All those to-do lists that never seem to get checked off: Why do we do this to ourselves? Perhaps it is time to de-chore our lives?
As far as British business psychologist and author of Busy: How to Thrive in a World of Too Much Tony Crabbe is concerned, to-do lists belong in the trash. He believes that smart planning doesn’t mean you can get everything done—we simply must make tough choices and this means we can’t do everything.
“The things that are really important to us, like spending time with our children, seeing our friends more often or finally writing that book never appear on our to-do lists,” he says in an interview with Dutch newspaper NRC Handelsblad. “If a list like this is the manual, by definition you are not doing what is most important to you.” How often do people say, ‘If I had more time, I would play tennis/learn Arabic/keep bees/buy a sailboat’? But it’s never going to happen if you take this approach. Crabbe’s advice? “Just do it.” Not later, but now.
American professor of psychology Barbara Fredrickson contends that positive emotions will get you farther in life. She is in favor of creating a ‘feel-list’ instead of a to-do list. Fredrickson believes that we spend too much time listing boring and necessary activities that just deplete our willpower. This takes most of the fun out of things and our to-do lists remain an energy-draining inner struggle.

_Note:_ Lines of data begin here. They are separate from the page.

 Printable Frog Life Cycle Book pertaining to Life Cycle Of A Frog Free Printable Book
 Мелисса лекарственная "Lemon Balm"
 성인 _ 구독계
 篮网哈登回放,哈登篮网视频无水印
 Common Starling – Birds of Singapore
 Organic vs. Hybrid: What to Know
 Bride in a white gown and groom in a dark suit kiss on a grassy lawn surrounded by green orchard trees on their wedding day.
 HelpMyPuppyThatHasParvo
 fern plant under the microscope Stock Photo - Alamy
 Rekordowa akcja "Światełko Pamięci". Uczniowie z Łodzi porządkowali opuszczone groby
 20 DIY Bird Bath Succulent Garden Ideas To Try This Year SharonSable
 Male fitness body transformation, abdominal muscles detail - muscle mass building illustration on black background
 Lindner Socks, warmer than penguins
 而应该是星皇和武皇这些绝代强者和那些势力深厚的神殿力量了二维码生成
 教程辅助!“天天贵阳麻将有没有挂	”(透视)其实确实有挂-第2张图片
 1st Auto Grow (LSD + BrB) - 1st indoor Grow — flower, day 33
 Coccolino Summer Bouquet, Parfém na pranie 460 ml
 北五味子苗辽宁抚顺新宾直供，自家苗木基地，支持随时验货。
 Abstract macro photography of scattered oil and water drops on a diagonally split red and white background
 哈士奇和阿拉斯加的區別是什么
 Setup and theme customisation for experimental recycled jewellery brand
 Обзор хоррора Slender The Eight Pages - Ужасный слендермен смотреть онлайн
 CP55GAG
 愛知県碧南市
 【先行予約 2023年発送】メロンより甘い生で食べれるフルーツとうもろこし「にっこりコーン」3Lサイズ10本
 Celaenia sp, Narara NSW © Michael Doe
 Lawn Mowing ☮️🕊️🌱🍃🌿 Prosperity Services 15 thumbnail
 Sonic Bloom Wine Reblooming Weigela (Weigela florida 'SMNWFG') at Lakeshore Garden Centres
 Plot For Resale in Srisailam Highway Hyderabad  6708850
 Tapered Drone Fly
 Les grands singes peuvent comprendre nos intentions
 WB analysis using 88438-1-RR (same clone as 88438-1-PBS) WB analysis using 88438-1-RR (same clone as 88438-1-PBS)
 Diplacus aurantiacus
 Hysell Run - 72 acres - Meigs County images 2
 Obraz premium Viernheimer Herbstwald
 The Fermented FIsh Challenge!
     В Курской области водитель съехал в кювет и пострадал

According to her ‘broaden and build’ theory, we can achieve more with positive emotions. They give us energy, resulting in enthusiasm and a positive flow, whereas negative thoughts and feelings mostly just exhaust us. In her view, this is why it’s also good to schedule a few activities each day that make us happy. Don’t just put the ‘must-dos’ on the list (such as filing your tax return), but also that recipe you’ve been wanting to try out, drinking a cup of coffee with a co-worker or taking a walk.